Both configurations have distinct, practical uses:

  • Series circuits are often used in applications where current regulation or a specific voltage drop is needed. Examples include fuses, which are placed in series to protect a circuit, and old decorative fairy lights, where if one bulb burns out, the entire string goes off.
  • Parallel circuits are fundamental to applications where independent operation is crucial. The most common example is household wiring, where all appliances receive the same voltage (e.g., 220V) and can be turned on or off without affecting the others.

5. How should one approach solving a complex circuit with a mix of series and parallel resistors?

The most effective strategy is to simplify the circuit in stages.

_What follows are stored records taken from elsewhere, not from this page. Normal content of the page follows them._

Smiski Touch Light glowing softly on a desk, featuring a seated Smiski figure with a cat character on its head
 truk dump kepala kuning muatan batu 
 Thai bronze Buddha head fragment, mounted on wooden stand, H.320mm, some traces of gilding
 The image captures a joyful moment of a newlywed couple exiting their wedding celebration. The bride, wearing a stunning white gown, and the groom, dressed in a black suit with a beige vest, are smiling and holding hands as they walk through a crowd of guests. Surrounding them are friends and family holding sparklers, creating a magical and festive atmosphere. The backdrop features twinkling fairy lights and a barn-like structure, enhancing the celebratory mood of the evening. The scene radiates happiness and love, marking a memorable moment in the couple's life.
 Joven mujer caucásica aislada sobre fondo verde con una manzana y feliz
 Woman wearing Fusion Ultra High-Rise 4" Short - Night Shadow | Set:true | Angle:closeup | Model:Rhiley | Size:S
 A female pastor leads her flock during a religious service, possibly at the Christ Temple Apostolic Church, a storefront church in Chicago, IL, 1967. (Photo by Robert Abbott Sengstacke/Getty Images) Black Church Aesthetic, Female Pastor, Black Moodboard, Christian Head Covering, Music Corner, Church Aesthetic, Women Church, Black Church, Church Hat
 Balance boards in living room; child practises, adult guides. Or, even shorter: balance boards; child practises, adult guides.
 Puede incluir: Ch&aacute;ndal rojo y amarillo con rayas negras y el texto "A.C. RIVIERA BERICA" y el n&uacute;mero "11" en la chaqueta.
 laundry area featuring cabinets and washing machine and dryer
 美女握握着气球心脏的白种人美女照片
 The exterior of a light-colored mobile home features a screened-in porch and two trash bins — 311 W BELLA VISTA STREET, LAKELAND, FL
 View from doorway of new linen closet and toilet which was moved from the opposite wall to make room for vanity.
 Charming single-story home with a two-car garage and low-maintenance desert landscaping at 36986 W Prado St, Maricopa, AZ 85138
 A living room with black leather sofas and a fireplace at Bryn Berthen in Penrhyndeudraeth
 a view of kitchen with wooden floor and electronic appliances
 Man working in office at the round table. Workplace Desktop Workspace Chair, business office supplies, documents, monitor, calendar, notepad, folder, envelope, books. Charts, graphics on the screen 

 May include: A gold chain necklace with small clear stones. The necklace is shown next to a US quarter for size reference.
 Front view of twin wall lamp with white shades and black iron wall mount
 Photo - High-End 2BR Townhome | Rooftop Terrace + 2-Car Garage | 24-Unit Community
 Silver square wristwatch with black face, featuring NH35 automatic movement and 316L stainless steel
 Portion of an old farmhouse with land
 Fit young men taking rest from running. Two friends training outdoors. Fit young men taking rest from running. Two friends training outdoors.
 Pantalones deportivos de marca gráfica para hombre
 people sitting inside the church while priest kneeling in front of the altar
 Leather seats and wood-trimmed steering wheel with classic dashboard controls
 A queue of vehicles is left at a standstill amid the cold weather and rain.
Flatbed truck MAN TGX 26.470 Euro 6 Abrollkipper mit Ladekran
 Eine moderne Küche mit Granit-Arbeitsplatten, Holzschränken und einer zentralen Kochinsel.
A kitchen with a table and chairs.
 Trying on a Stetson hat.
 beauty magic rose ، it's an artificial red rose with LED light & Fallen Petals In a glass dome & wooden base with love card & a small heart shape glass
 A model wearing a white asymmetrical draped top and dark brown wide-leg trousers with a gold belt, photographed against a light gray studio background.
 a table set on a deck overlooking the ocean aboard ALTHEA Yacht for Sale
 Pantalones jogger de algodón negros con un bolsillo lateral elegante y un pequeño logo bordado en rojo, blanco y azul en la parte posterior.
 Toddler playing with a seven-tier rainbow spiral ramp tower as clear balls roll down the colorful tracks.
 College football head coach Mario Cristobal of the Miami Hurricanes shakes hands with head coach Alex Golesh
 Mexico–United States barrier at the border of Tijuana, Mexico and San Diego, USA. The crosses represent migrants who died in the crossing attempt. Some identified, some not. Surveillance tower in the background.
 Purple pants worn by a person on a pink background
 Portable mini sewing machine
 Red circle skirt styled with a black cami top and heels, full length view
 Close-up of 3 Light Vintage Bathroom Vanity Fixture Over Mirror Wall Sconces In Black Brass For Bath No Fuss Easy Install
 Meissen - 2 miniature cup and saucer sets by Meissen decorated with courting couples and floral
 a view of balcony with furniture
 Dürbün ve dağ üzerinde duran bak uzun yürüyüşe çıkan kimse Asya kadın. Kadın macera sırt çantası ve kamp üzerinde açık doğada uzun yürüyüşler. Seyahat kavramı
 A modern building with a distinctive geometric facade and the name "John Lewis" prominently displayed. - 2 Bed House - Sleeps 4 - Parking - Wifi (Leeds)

First, identify the simplest combinations within the larger circuit. Look for small groups of resistors that are clearly in series or parallel. Calculate the equivalent resistance for that small group. Then, redraw the circuit, replacing that group with its single equivalent resistor. Repeat this process, simplifying group by group, until the entire circuit is reduced to a single equivalent resistance.

6. What happens to the total resistance if you add another resistor to a series circuit versus a parallel circuit?

The effect is opposite for the two configurations.

  • When you add a resistor to a series circuit, you are increasing the total length of the path the current must travel. This increases the total equivalent resistance.
  • When you add a resistor to a parallel circuit, you are providing an additional path for the current to flow. This makes it easier for the overall current to pass through the circuit, thereby decreasing the total equivalent resistance.

7. How can you visually identify if resistors are in series or parallel in a circuit diagram?

You can identify the configuration by tracing the path of the current:

  • Resistors are in series if they are connected one after another in a single, unbranched line. The current has only one path to follow through them.
  • Resistors are in parallel if their terminals are connected to the same two common points (or junctions). This creates multiple branches, forcing the current to split and flow through each branch simultaneously.